* [ASSIGNMENT] Take nothing but the lines from the one with "Komoda Vicco Velia" through the one with "SUGARHILL BRIGHTON Blusas" in the entries below, both ends kept, and return them exactly with pictures left out.

* [SOURCE RECORDS]
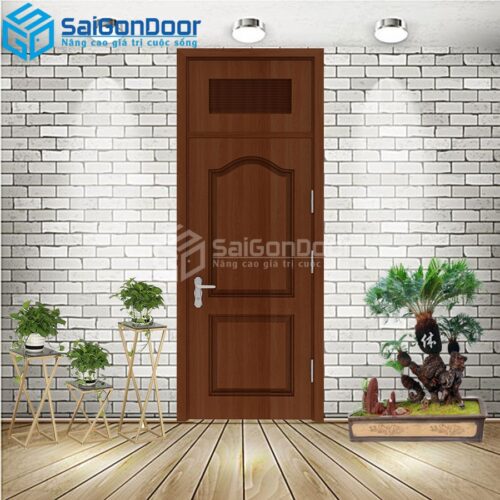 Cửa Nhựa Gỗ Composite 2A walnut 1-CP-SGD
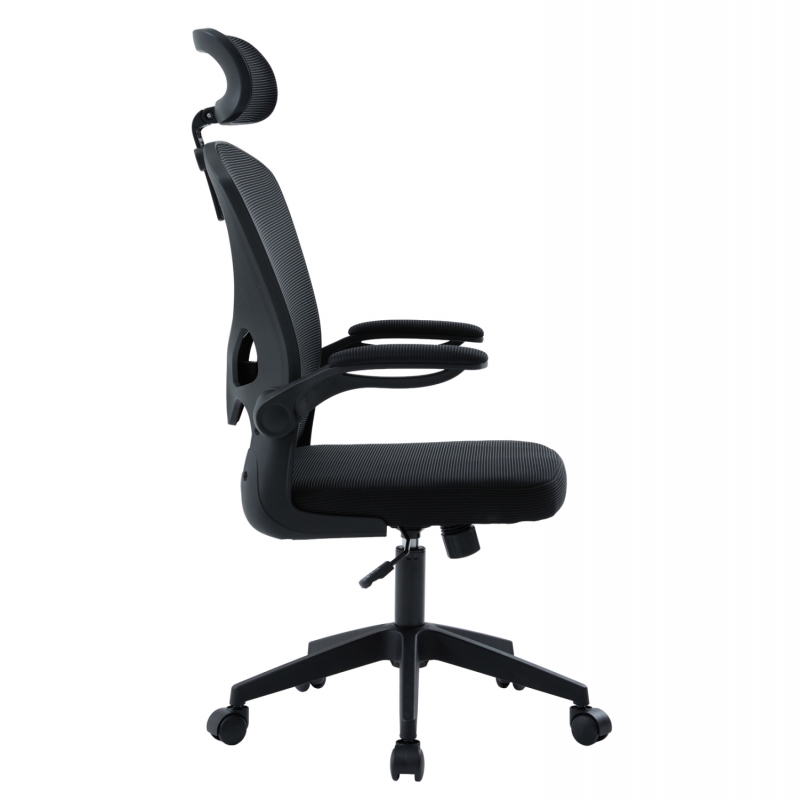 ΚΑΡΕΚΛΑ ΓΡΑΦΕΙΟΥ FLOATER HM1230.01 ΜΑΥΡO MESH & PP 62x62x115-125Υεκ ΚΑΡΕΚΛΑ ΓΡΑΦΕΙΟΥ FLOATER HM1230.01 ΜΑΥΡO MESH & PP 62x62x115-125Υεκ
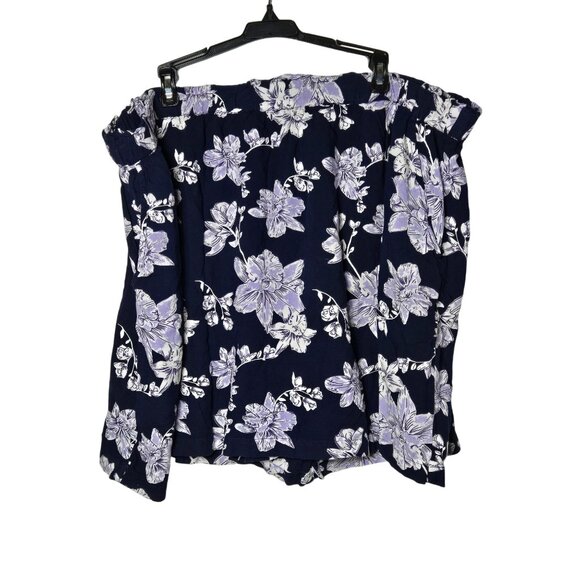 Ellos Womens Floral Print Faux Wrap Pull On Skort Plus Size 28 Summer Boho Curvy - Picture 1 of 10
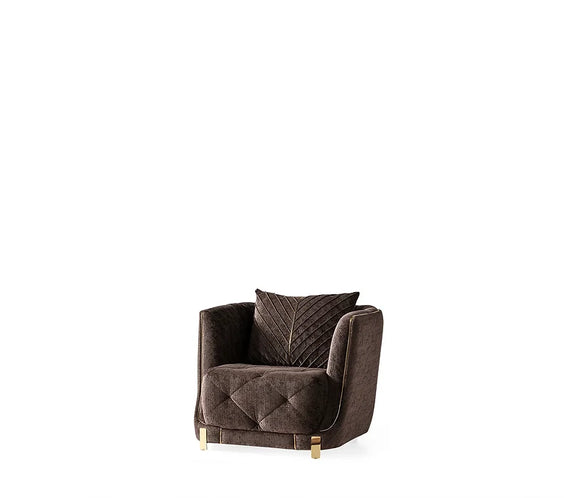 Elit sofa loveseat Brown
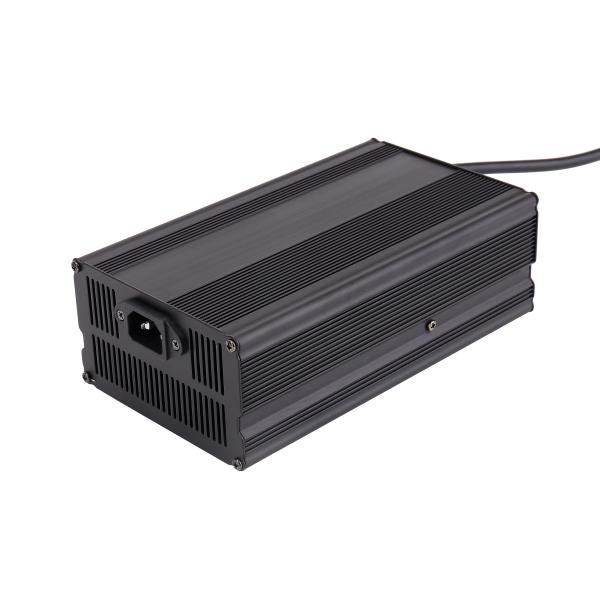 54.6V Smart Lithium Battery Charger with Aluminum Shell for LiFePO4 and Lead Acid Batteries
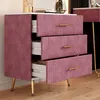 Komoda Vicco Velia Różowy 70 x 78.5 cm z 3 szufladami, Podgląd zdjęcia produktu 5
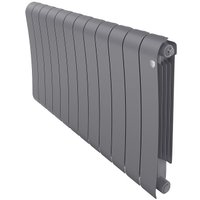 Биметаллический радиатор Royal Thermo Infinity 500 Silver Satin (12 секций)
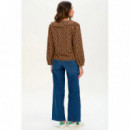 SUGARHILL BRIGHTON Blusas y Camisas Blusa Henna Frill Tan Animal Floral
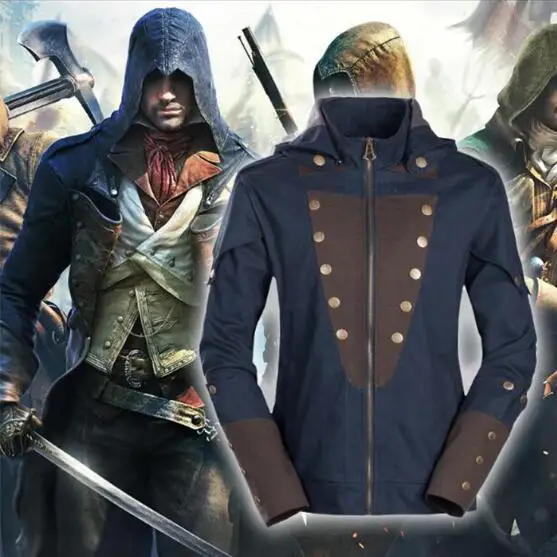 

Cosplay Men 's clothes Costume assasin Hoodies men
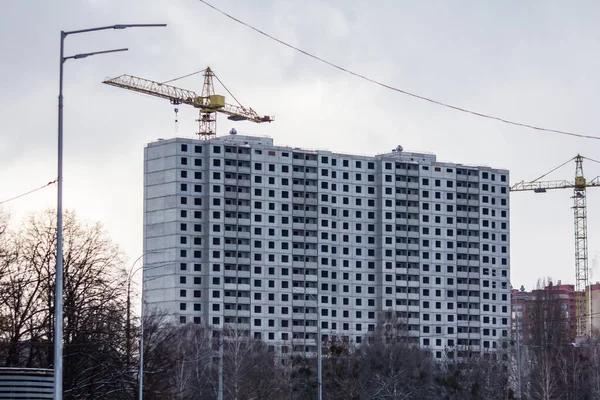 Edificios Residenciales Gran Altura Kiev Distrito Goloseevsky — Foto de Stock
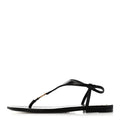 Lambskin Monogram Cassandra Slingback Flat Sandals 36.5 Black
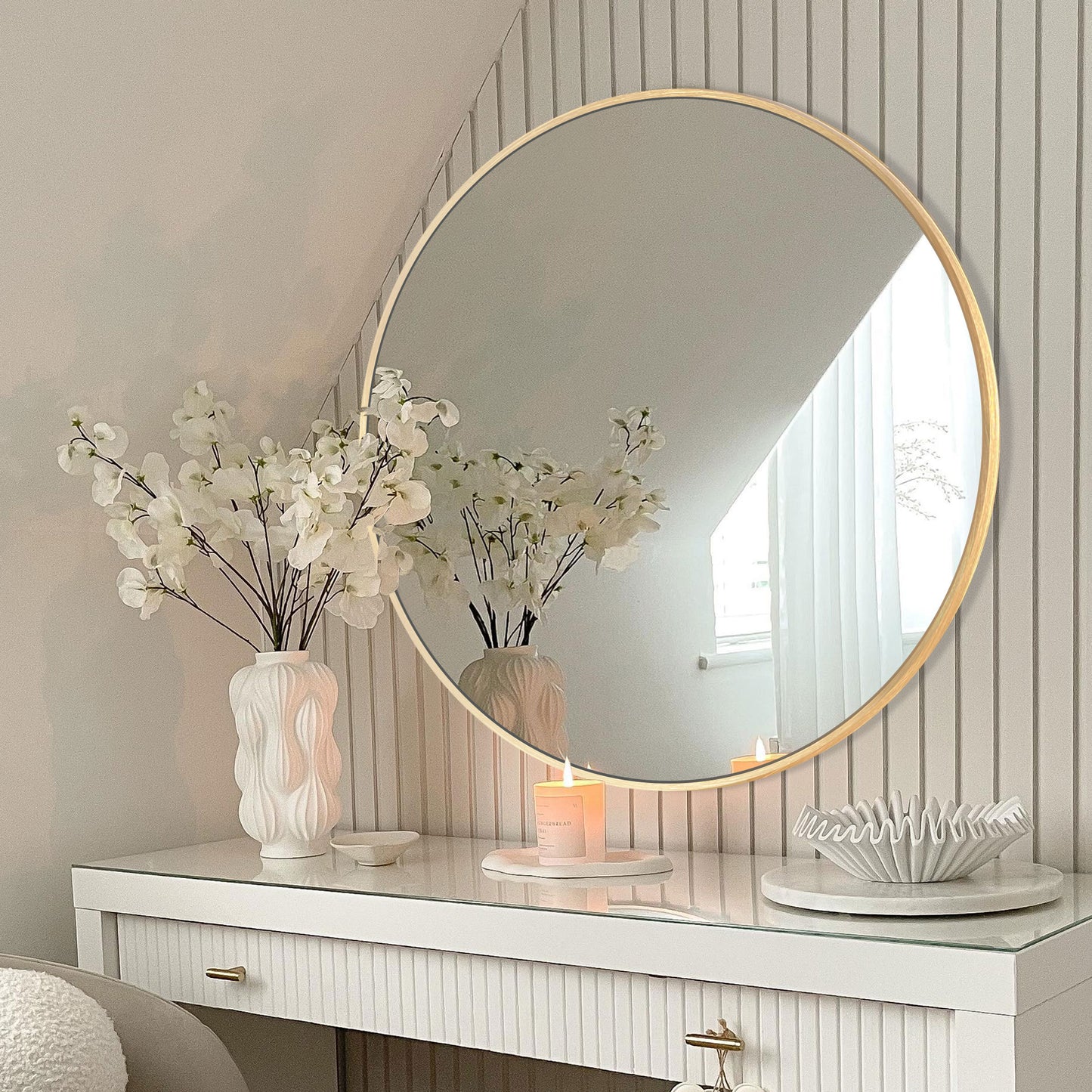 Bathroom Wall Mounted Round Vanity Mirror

* [YOUR SOLUTION]
 Komoda Vicco Velia Różowy 70 x 78.5 cm z 3 szufladami, Podgląd zdjęcia produktu 5
 Биметаллический радиатор Royal Thermo Infinity 500 Silver Satin (12 секций)
 SUGARHILL BRIGHTON Blusas y Camisas Blusa Henna Frill Tan Animal Floral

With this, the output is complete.